This year I knew my wife was due for a moose tag, so I put my usual more ambitious hunting plans on hold for the year and decided to just concentrate on hunting around home with her. We got a week off and both grandmas agreed to watch the kids... perfect!

Day 1. Between work and some home renovations this was the first day we'd not been working in 6 weeks, and it was my birthday. I got a good feeling! We hiked down a river bed a few miles. The cover was ridiculously thick, the boulders were pretty poor footing, and the river crossing's were sketchy. We saw 4 deer and a mother grizzly with her cub. After lunch we got the quad fired up, intending to try to find a way into some ridges further up stream. The river had switched channels since last year, the crossing looked deeper "Its too deep" say's wife. I drive in "Its too deep" she repeats, then the quad starts getting pushed downstream, then it really is too deep and I drown the quad. By the time we get it out of the river and started again we are wet up to our chests, I think because it was my birthday she went pretty easy on me considering. We head back home for birthday cake and beers, and to change oil in the quad.

Day 2. We hike upstream, its not as thick. We hunt some old river channels and see 6 deer and a cow moose. We find a few good concentrations of sign and. Wife is getting tired of walking, walking down the river is hard, we've done lots of walking. Tomorrow we will just hang around the good areas we've found and do some calling.

Day 3. We do some calling in the morning, wife gets cold and bored so we decide to do more walking. We walk back into the ridges I've been promising will hold all kinds of moose, they are a long way and we don't see much sign, we climb the ridges, we still don't see much sign. We loop around to the river again and do some calling in the evening. Wife is getting a bit discouraged, "We'll come back in the morning" I say, "There will be a moose here for sure."
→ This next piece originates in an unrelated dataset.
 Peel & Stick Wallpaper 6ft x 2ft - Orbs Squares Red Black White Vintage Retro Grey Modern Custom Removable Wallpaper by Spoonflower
Day 4. We come back to our spot, there are fresh tracks but no moose. "We just need some cold weather to get them moving" I say. By noon we have an all out blizzard on our hands, we hunt all day and don't even cut another track. "They have probably holed up until the weather gets better" I say. Tomorrow we will track them, I talk about how great tracking moose is going to be... sure fire, easy as pie, moose tomorrow for sure.


PA110231 by , on Flickr


Day 5. We hunt a different area, we hike a long way before we find two cows traveling together. Since there's nothing better to do we follow them, they take us to a much fresher track which also is obviously a cow. Eventually we abandon that track and do more hiking and eventually find a bull track. The bull track joins up with a cow and takes off through some terrible swamps, then eventually finds some private land and jumps the fence. Its not even noon and we've covered well over 5 kilometers, Wife isn't happy. With moral at an all time low in moose camp we head to a roadside dinner for lunch. After some hot food we head out to do some truck hunting, not a big fan but I know wife has had about enough for today, we have one day of baby sitting left.

PA110228 by , on Flickr

As we're cruising down the road we spot a moose track, its smoking fresh. "You want to follow it?" I ask. I know she doesn't but she decides to anyways. The track is fresh so we go slow, the moose cuts through some little openings and I question the probability of it being a bull, but it never takes a whizz to show me for sure so we keep going. We find a pile of warm dung and I know we're getting close. I crest a little knoll and the bull jumps up out of his bed at about 25 yards and heads to my right. I find an opening and wait for him to cross but he doesn't, I can see some movement behind a spruce tree and I know he's behind it. I motion to my wife to circle to the right, hoping she might push the bull out from behind the tree but that bull was so focused on me that he didn't even see her. Wife is a good shot but she always takes her time, well not this time, she snapped her .270 up and a couple seconds later I heard the shot. The bull comes barreling out from behind the tree, I swing the bead on its shoulder and the old Enfield barks just before he crests another knoll and disappears. After a half hour wait we go over the hill and find our little bull stone dead just a few yards further. Wife is glad its over... "We have a bull down a half kilometer from the road" I say, "We're just getting started."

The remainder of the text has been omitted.